Excerpted records
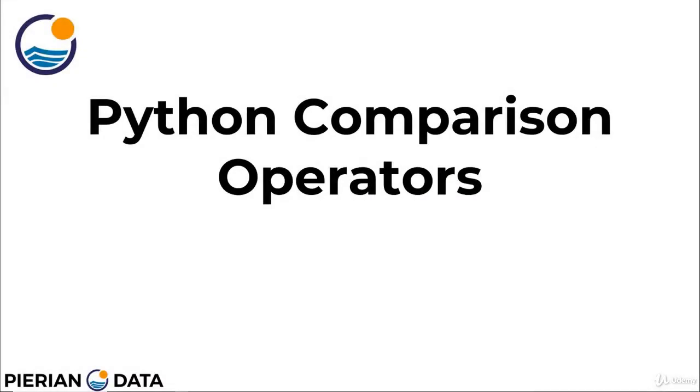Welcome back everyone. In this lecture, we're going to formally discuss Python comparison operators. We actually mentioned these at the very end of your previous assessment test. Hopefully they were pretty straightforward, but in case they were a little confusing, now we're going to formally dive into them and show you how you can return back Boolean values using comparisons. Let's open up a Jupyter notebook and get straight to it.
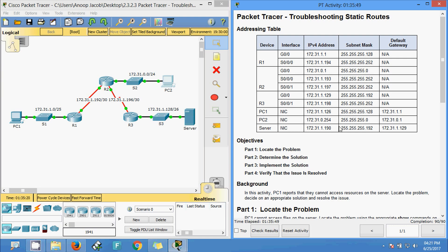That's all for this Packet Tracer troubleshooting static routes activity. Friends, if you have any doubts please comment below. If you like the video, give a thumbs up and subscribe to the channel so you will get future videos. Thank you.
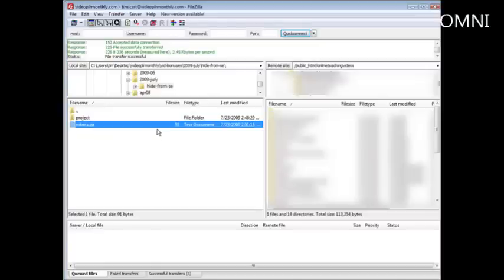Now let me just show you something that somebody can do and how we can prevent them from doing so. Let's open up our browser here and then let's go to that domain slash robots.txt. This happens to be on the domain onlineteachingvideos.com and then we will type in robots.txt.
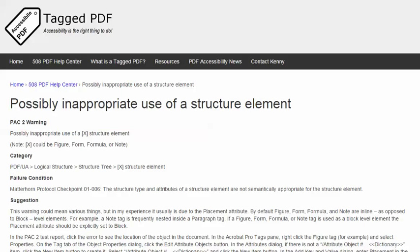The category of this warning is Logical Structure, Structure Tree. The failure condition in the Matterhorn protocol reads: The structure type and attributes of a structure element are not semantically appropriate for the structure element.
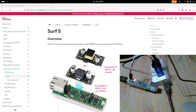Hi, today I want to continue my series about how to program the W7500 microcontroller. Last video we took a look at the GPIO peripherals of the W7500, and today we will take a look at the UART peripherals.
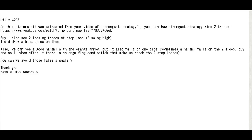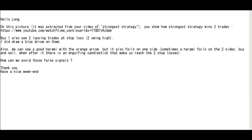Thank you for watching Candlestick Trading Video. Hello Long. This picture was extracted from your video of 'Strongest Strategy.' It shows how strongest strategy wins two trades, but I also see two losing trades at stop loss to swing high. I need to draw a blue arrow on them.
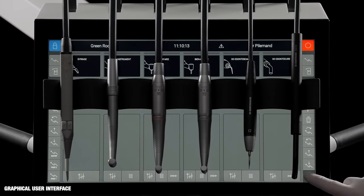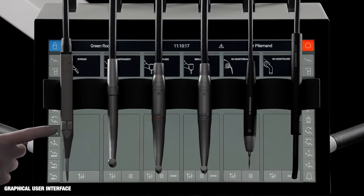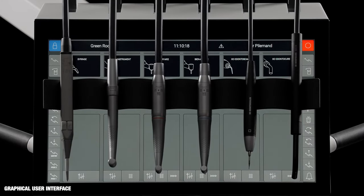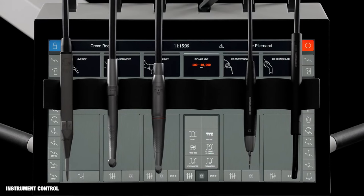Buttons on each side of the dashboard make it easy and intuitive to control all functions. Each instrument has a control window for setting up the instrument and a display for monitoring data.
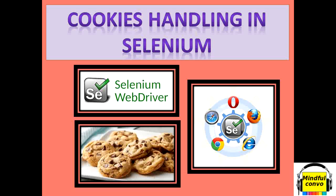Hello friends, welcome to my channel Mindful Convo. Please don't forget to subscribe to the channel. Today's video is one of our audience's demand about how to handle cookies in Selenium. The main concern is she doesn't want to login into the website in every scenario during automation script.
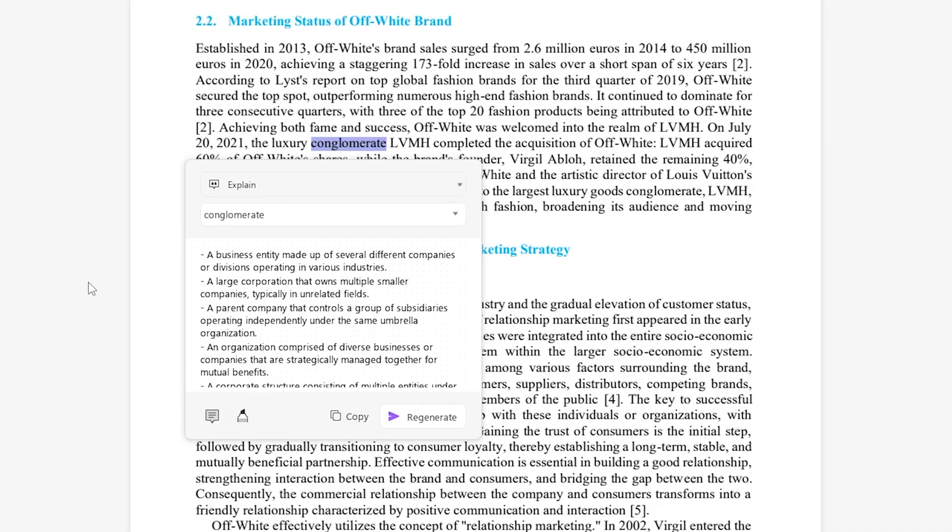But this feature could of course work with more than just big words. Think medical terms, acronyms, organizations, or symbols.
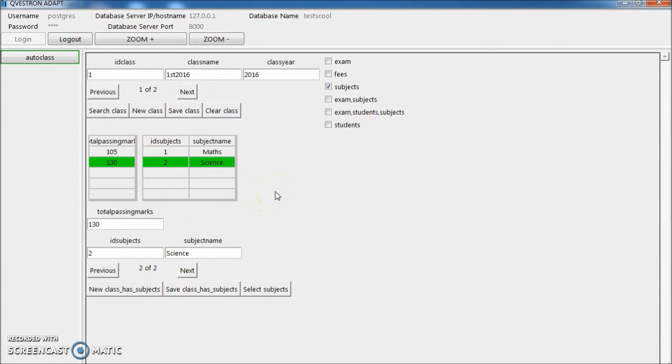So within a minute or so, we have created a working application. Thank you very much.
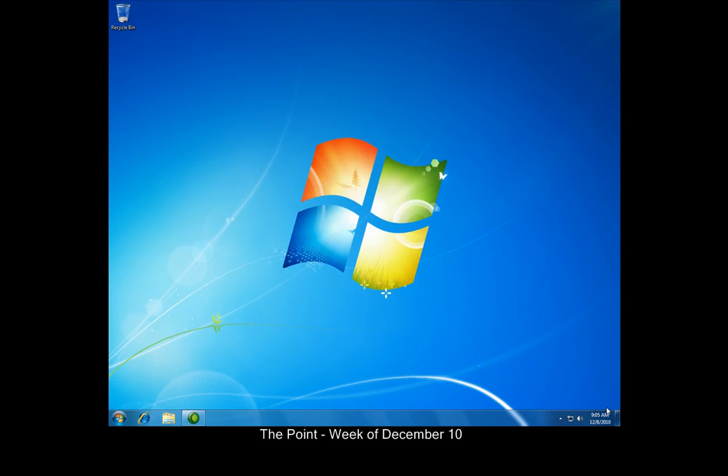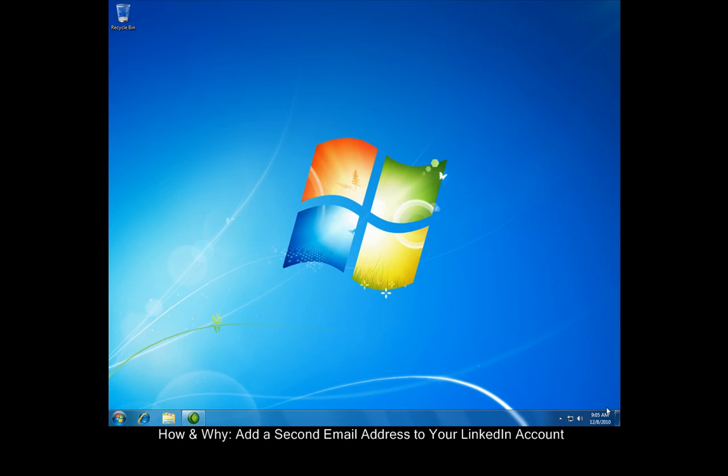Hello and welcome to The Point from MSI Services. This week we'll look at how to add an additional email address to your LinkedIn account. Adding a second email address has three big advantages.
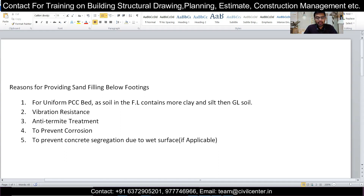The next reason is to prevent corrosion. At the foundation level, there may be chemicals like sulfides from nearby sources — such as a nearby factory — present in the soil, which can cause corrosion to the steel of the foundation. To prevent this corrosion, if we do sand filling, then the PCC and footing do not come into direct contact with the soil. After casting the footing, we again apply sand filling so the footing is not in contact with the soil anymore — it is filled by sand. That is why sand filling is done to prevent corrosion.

---

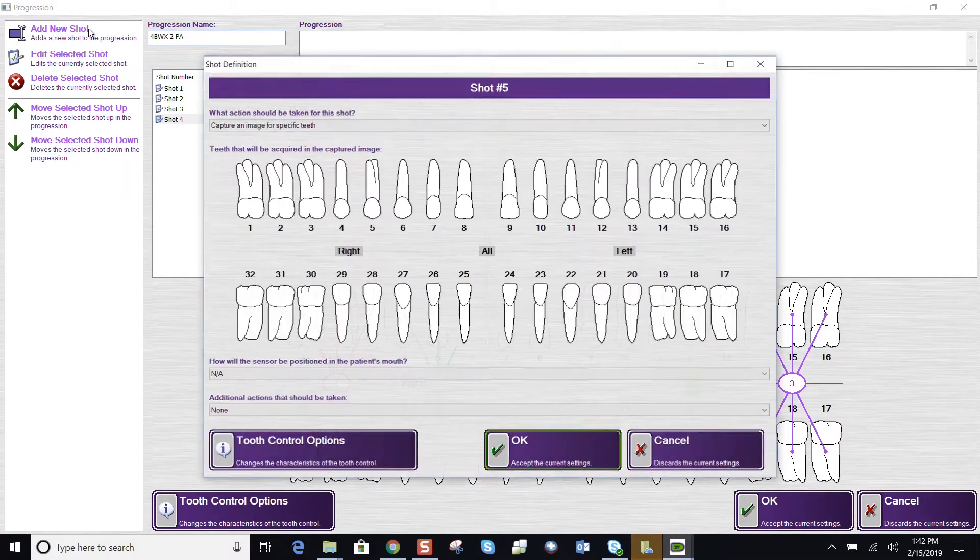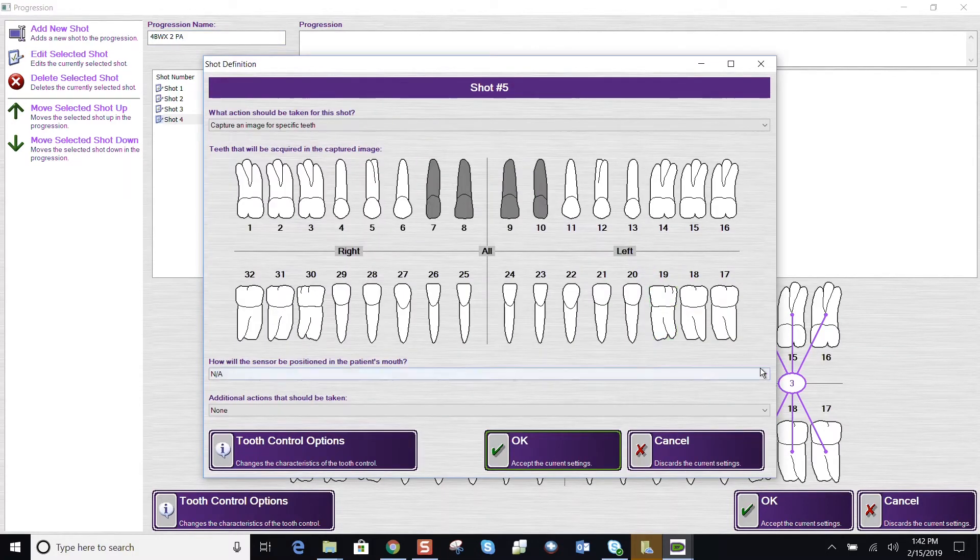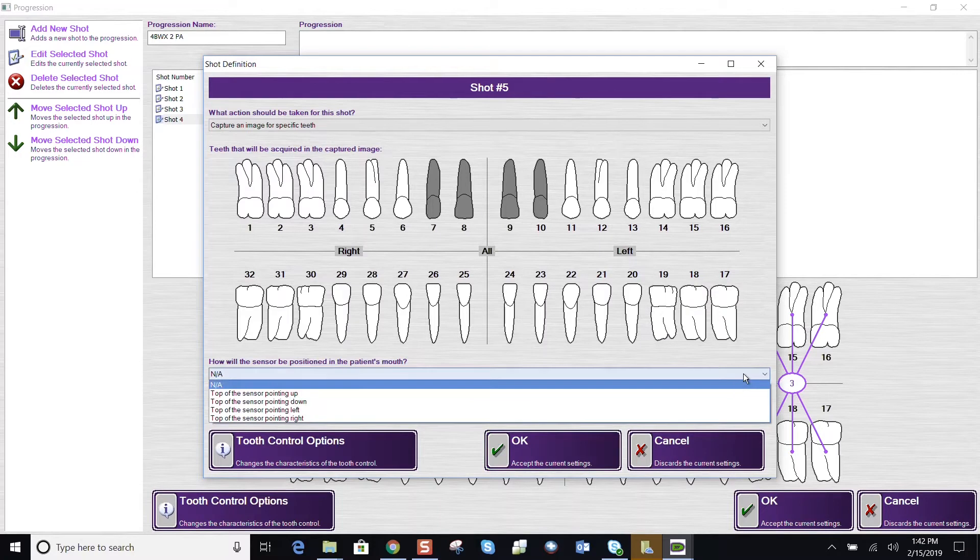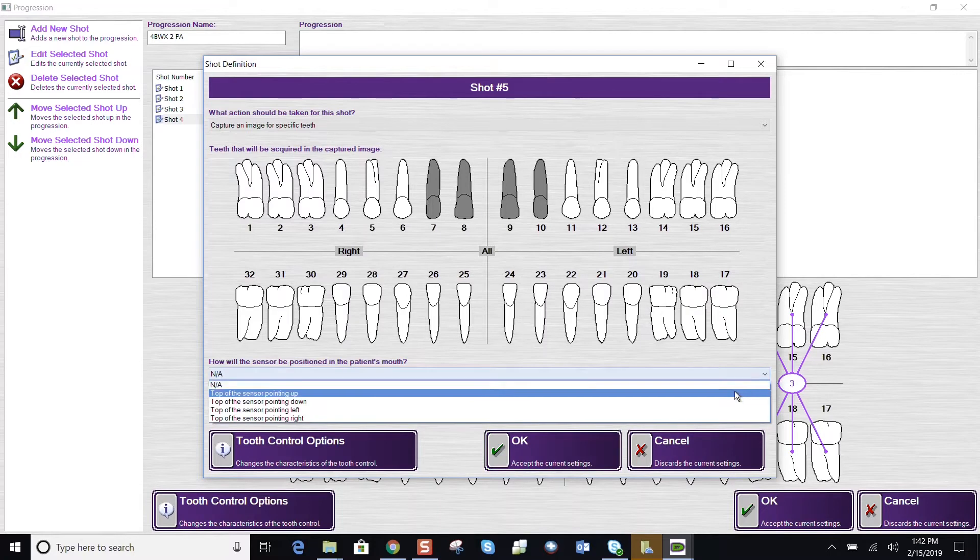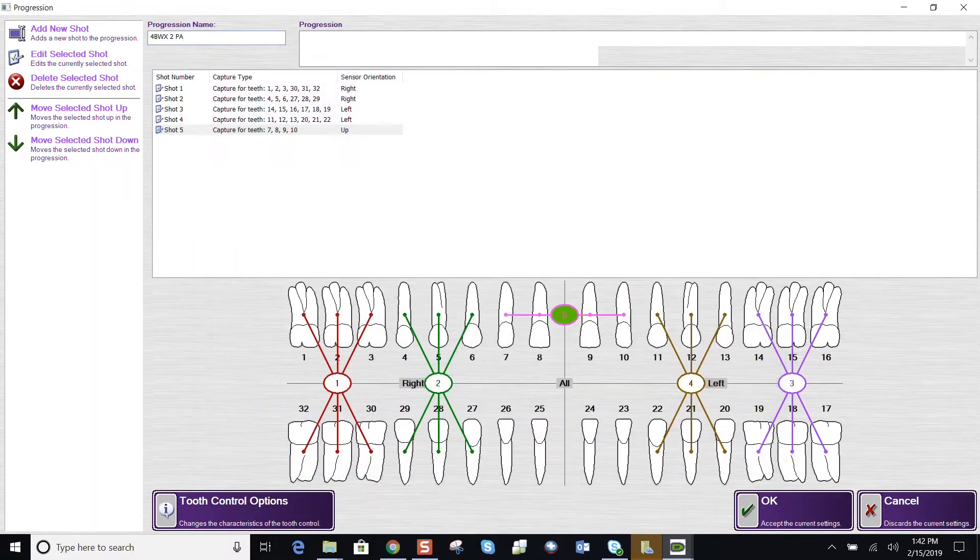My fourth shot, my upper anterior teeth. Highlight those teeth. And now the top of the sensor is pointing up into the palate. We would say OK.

What the exercise asks
Print from the line containing "Hello and welcome" through the line containing "The next reason" in the data above, exactly as the lines stand, and omit every picture.

Your response
Hello and welcome to The Point from MSI Services. This week we'll look at how to add an additional email address to your LinkedIn account. Adding a second email address has three big advantages.
The next reason is to prevent corrosion. At the foundation level, there may be chemicals like sulfides from nearby sources — such as a nearby factory — present in the soil, which can cause corrosion to the steel of the foundation. To prevent this corrosion, if we do sand filling, then the PCC and footing do not come into direct contact with the soil. After casting the footing, we again apply sand filling so the footing is not in contact with the soil anymore — it is filled by sand. That is why sand filling is done to prevent corrosion.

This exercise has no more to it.